TASK INSTRUCTIONS =
Print the listing exactly as it stands. Skip every picture.

LISTED ENTRIES =

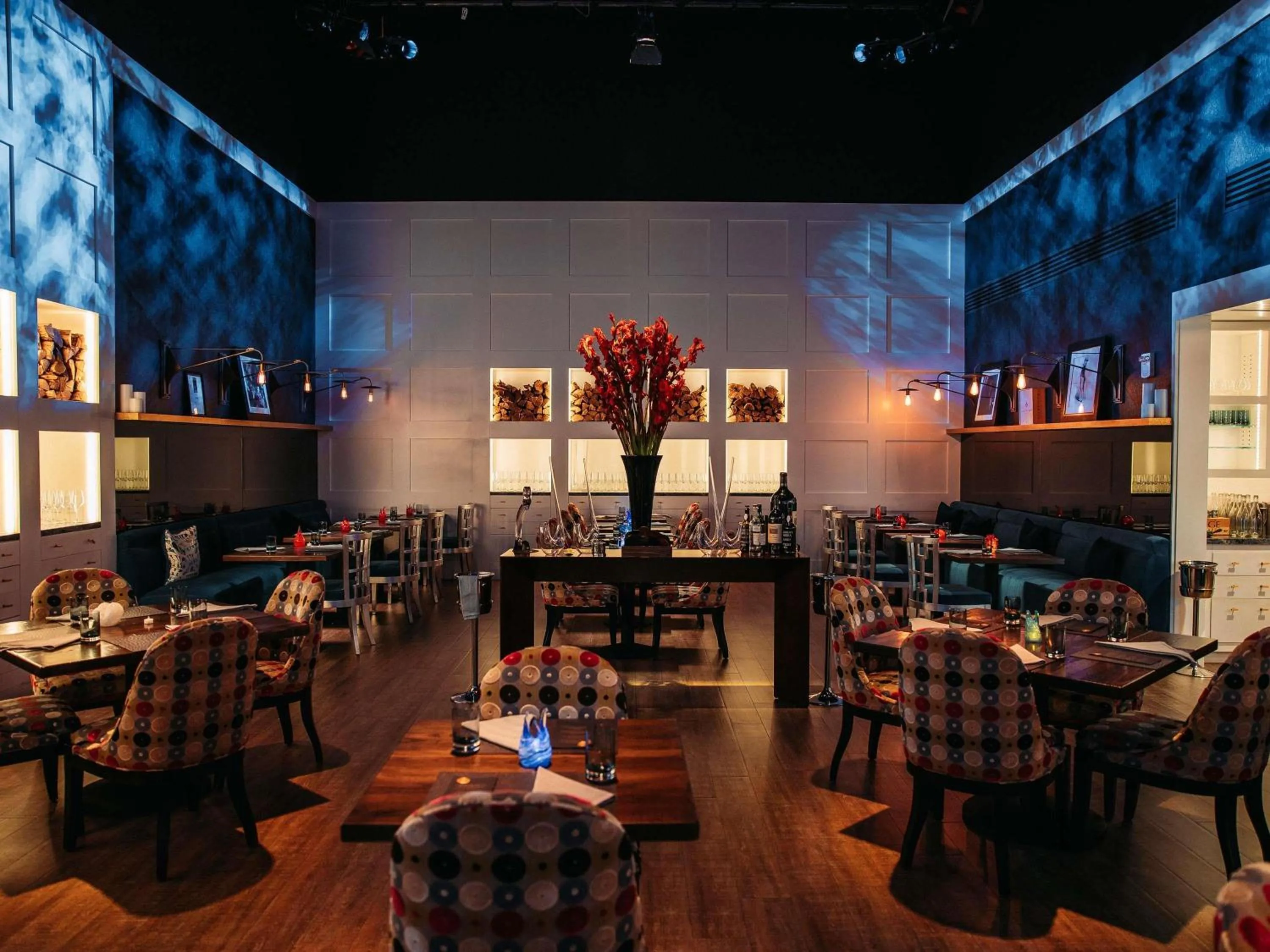 Restaurant/places to eat in Fairmont Austin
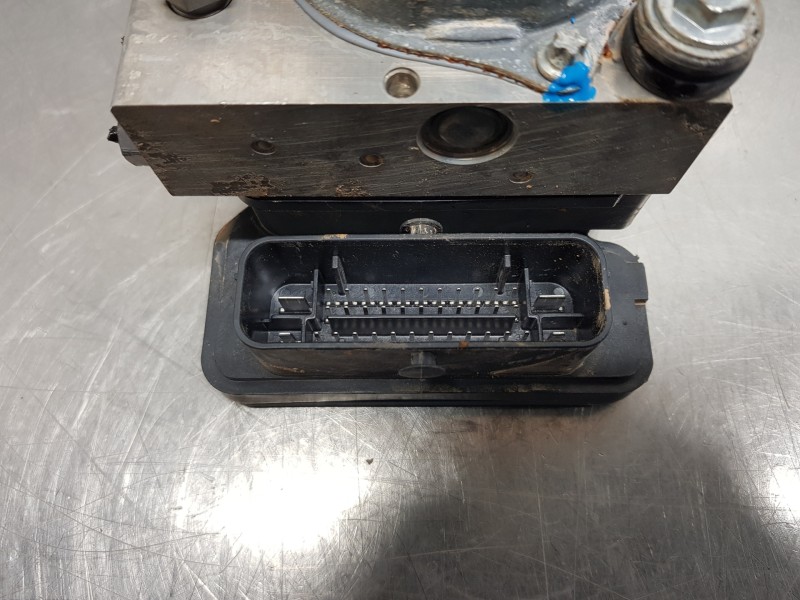 Recambio de abs para mercedes clase b (w246) style referencia OEM IAM A0004313700 A0004313800 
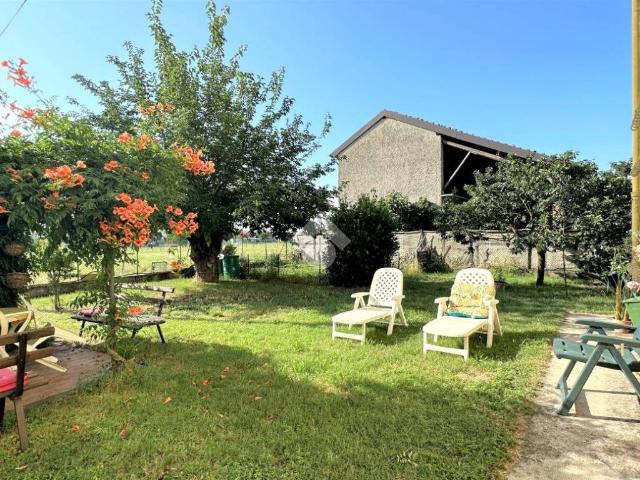 Villa Indipendente in vendita a Piemonte, Alessandria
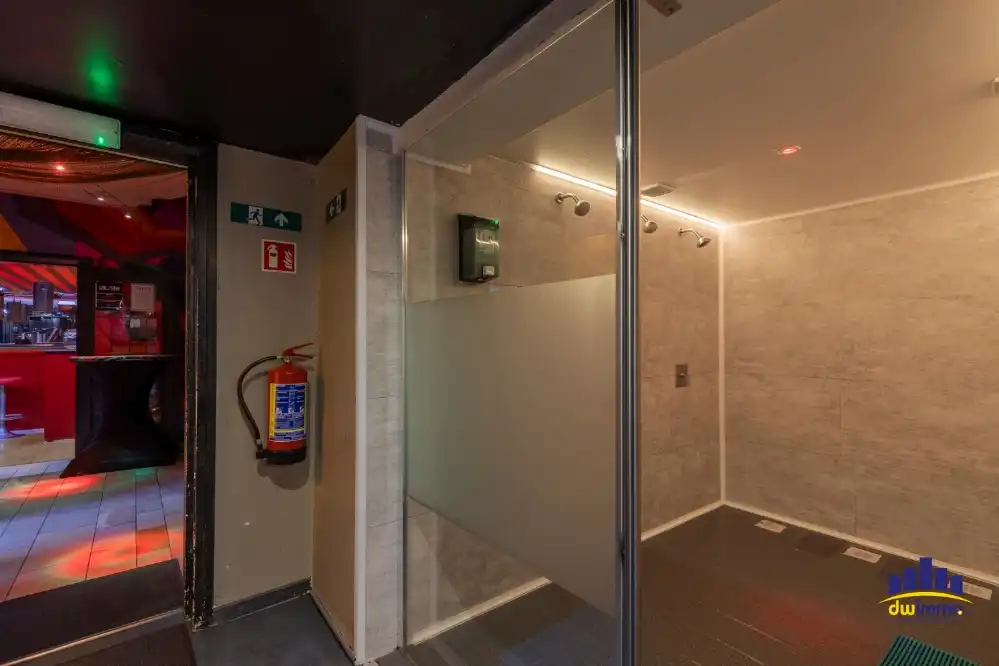 Ter overname: Volledig ingerichte club met horecafaciliteiten in Gent-Drongen foto 10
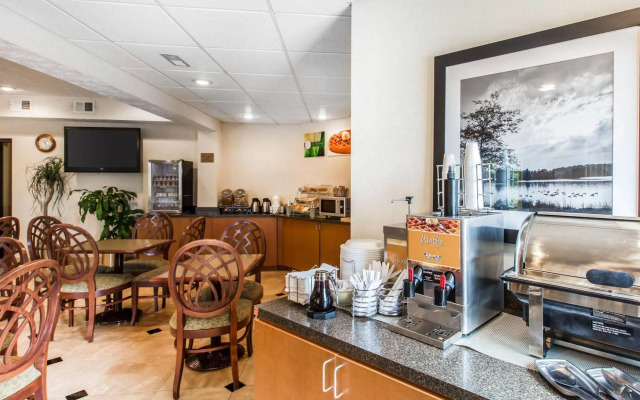 Quality Inn Clinton - Knoxville North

RESPONSE TO THIS EXERCISE =
 Restaurant/places to eat in Fairmont Austin
 Recambio de abs para mercedes clase b (w246) style referencia OEM IAM A0004313700 A0004313800 
 Villa Indipendente in vendita a Piemonte, Alessandria
 Ter overname: Volledig ingerichte club met horecafaciliteiten in Gent-Drongen foto 10
 Quality Inn Clinton - Knoxville North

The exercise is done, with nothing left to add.